What you should do
Once you find the line with "Sarı Plastik Sofra Seti 25 Kişilik", transcribe it and all the lines that follow to the end of the data, exactly as written; skip any pictures.

Available data
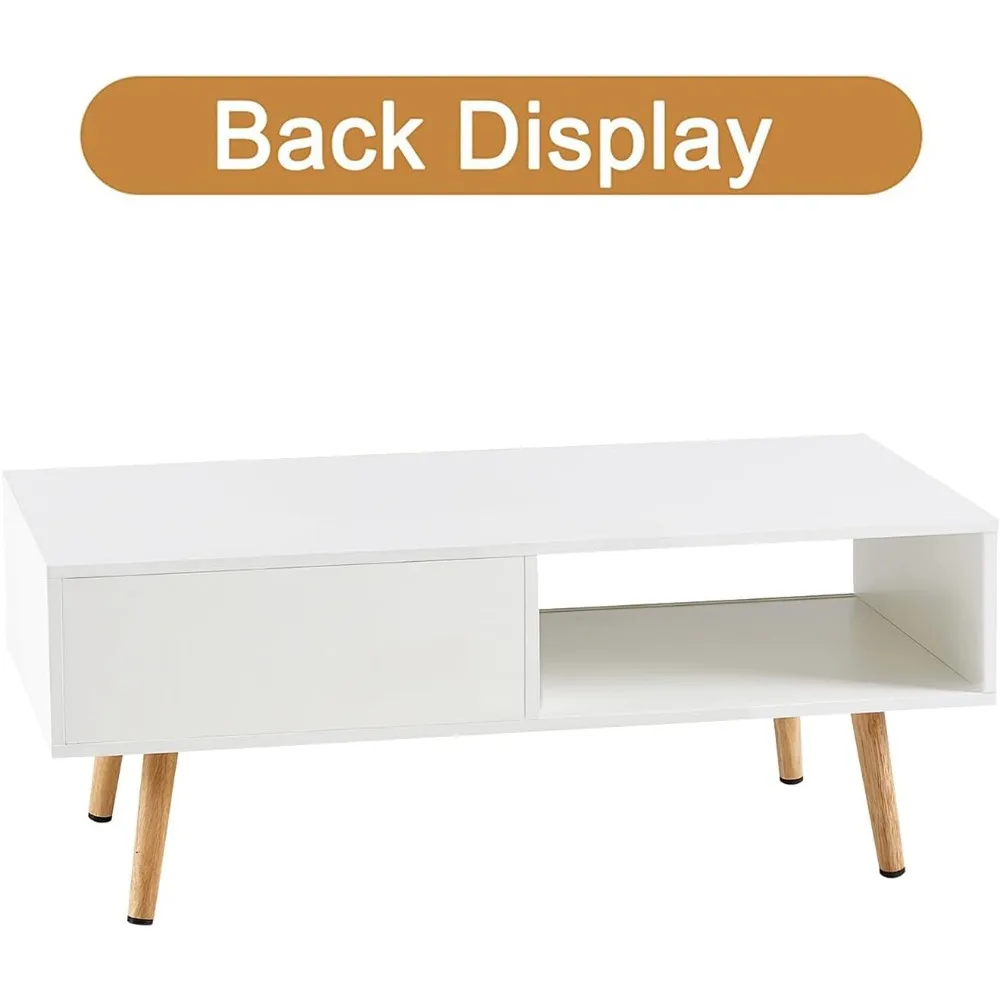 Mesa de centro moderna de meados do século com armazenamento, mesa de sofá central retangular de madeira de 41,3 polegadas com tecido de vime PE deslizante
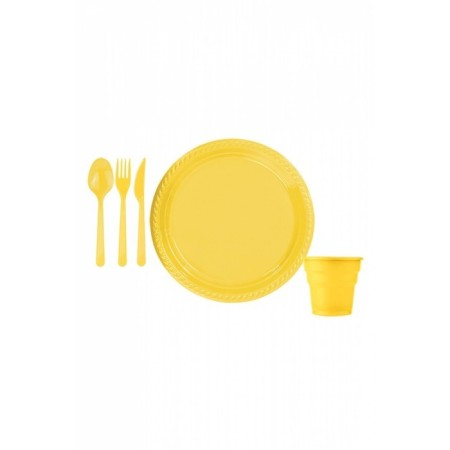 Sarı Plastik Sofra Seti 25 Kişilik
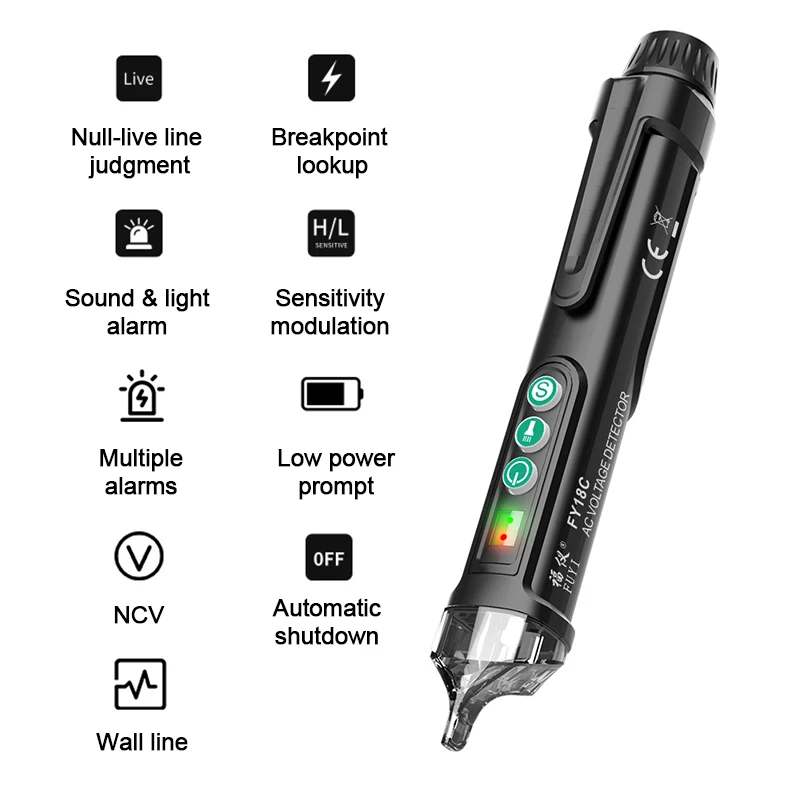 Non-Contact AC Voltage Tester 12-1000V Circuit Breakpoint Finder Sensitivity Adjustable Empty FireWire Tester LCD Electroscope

Reply
 Sarı Plastik Sofra Seti 25 Kişilik
 Non-Contact AC Voltage Tester 12-1000V Circuit Breakpoint Finder Sensitivity Adjustable Empty FireWire Tester LCD Electroscope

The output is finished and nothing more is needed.